Homage to Jean Genet’s antihero and a brilliant reimagining of the ancient form of tragedy, Querelle of Roberval, winner of the Marquis de Sade Prize, is a wildly imaginative story of justice, passion, and murderous revenge.
When millworkers in Roberval, a northern Quebec logging town, go on strike, the conflict rips the close-knit community apart, and despite the workers’ solidarity, their individual struggles and demands further escalate tensions within the group. They remain united by the desire to escape poverty and exact revenge on their boss, but when Brian Ferland decrees a lockout and awakens in them a buried rage, they rally around the mysterious and magnetic influence of Querelle, a dashingly cosmopolitan newcomer from Montreal. By day, Querelle walks the picket lines with his cohort, but at night he breaks bottles on the beach and settles scores with baseball bats and the town’s privileged young men flock to his apartment for sex. As positions harden and both sides refuse to yield, sand stalls the gears of the economic machine and the tinderbox of class struggle and entitlement ignites in a firestorm of passions carnal and violent.
Praise for Kevin Lambert
“The most savage literary protest of this season … This 27-year-old author has already established his voice through an unusual gesture: driving the sexual question into the hide of the social movement … His outrageous prose is justified by the novel's project: exploiting the liberating potential of the body laid bare, the subversive power of raw pleasure. Here sex becomes a tool of sabotage, it dynamites the orderly linguistic formulas of ideology, love or militant slogans.”
—Le Monde (Paris)
“At the age of 27, this young Canadian author has published a raw, militant ‘syndical fiction.’ A powerful novel in which sociopolitical criticism interrogates desire and questions of gender identity. A multitude of characters gravitate towards the fascinating Querelle, the archetype of the beautiful gay male; all the young men of the region parade through his bed, utterly bewitched.”

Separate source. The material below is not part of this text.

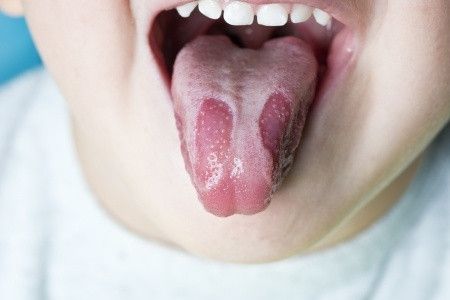 Beberapa Kelainan Lidah yang Biasa Terjadi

“Lambert explodes stereotypes and taboos. I'm always partial to a writer who takes risks, who dares to find beauty in the blemishes of our souls and our desires.”
—Heather O'Neill, Chatelaine
“Querelle of Roberval represents the mature confirmation of Lambert's style, a highly poetic oral language … Lambert's writing is so alive that one reads the novel in a single sitting with the impression of having been run over by a logging truck and a horde of libidinous young men at the same time. You come out over it feeling bruised and thrilled.”
—La Presse (Montreal)
“It's a pleasure to read this novel for its language and the energy it unleashes.”
—Le Devoir (Montreal)
“A simple review can hardly do justice to the richness and depth of this bountiful, powerful and wildly excessive novel, with its feverish, compulsive, but always controlled, writing. “
“A bitter, yet empathetic, social novel.”